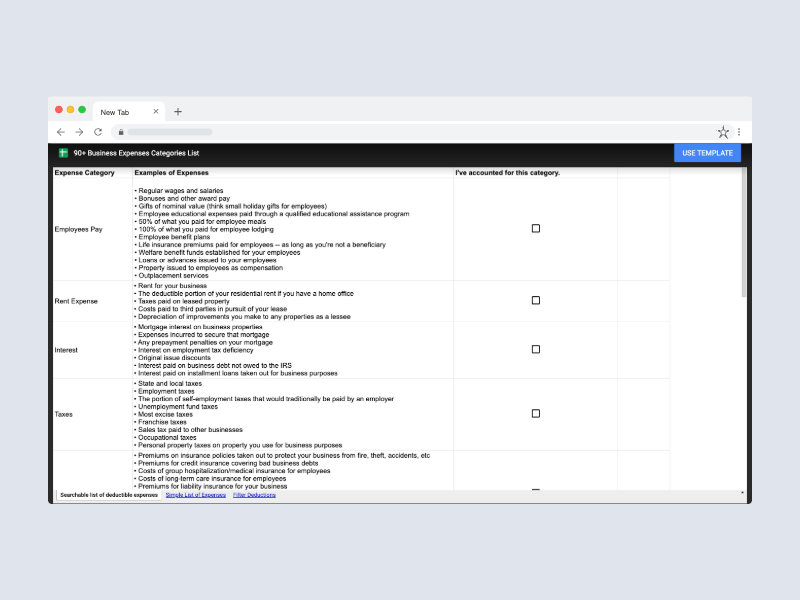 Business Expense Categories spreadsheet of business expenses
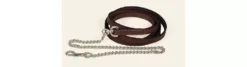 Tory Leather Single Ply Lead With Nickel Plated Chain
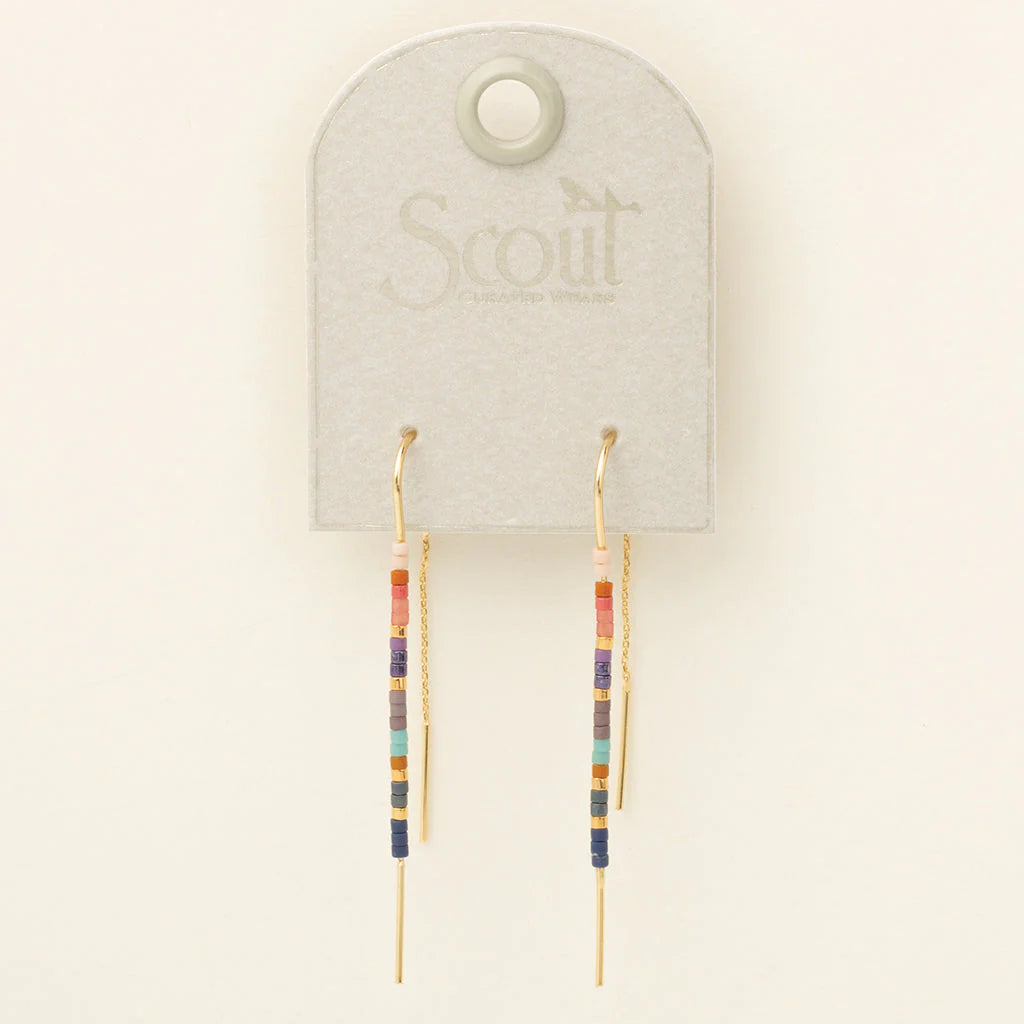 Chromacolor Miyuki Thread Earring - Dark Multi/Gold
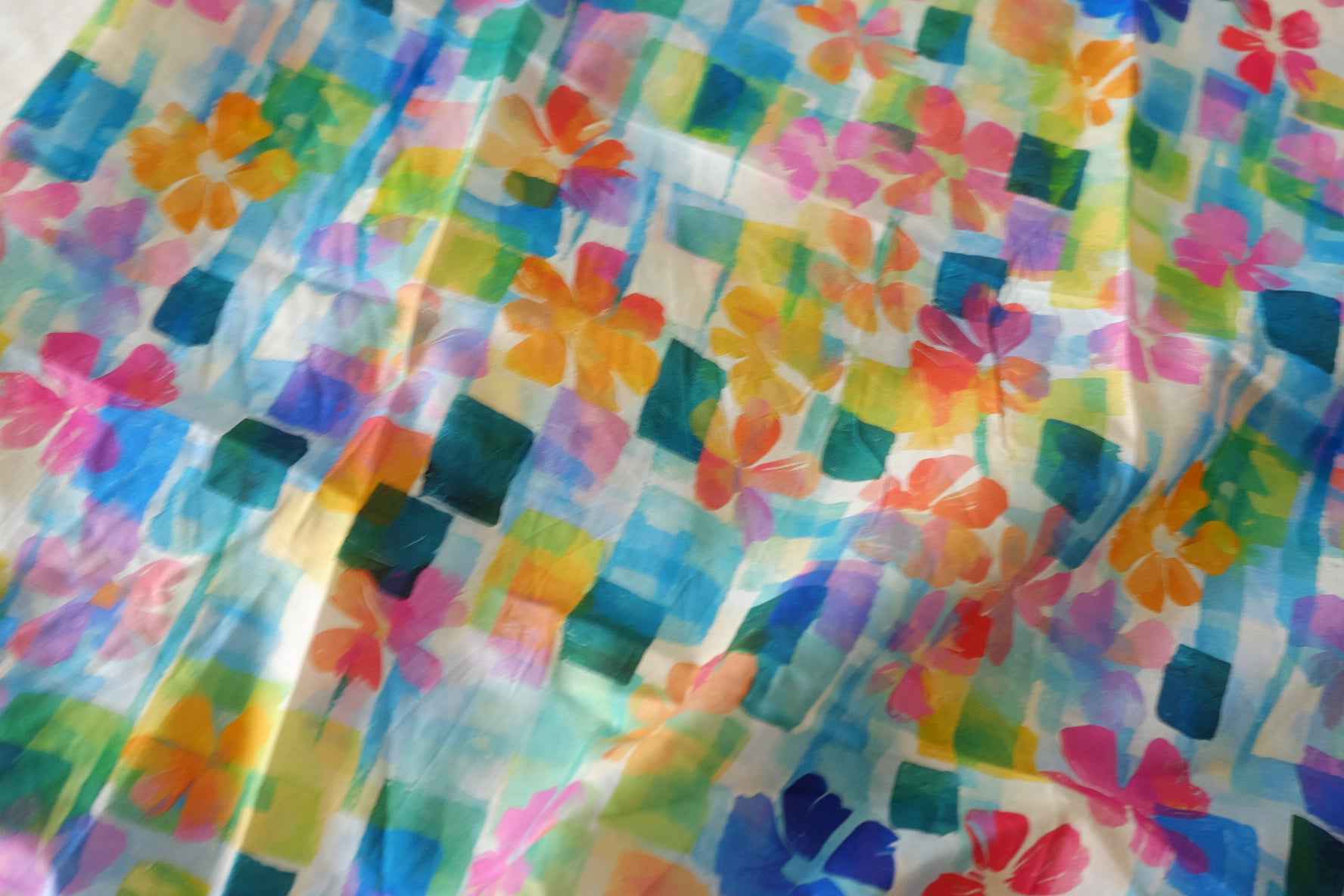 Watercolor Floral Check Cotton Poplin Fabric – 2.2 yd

* Exercise brief *
Please output the listing above in full, exactly as given, without its images.

* Reply to the exercise *
 Business Expense Categories spreadsheet of business expenses
 Tory Leather Single Ply Lead With Nickel Plated Chain
 Chromacolor Miyuki Thread Earring - Dark Multi/Gold
 Watercolor Floral Check Cotton Poplin Fabric – 2.2 yd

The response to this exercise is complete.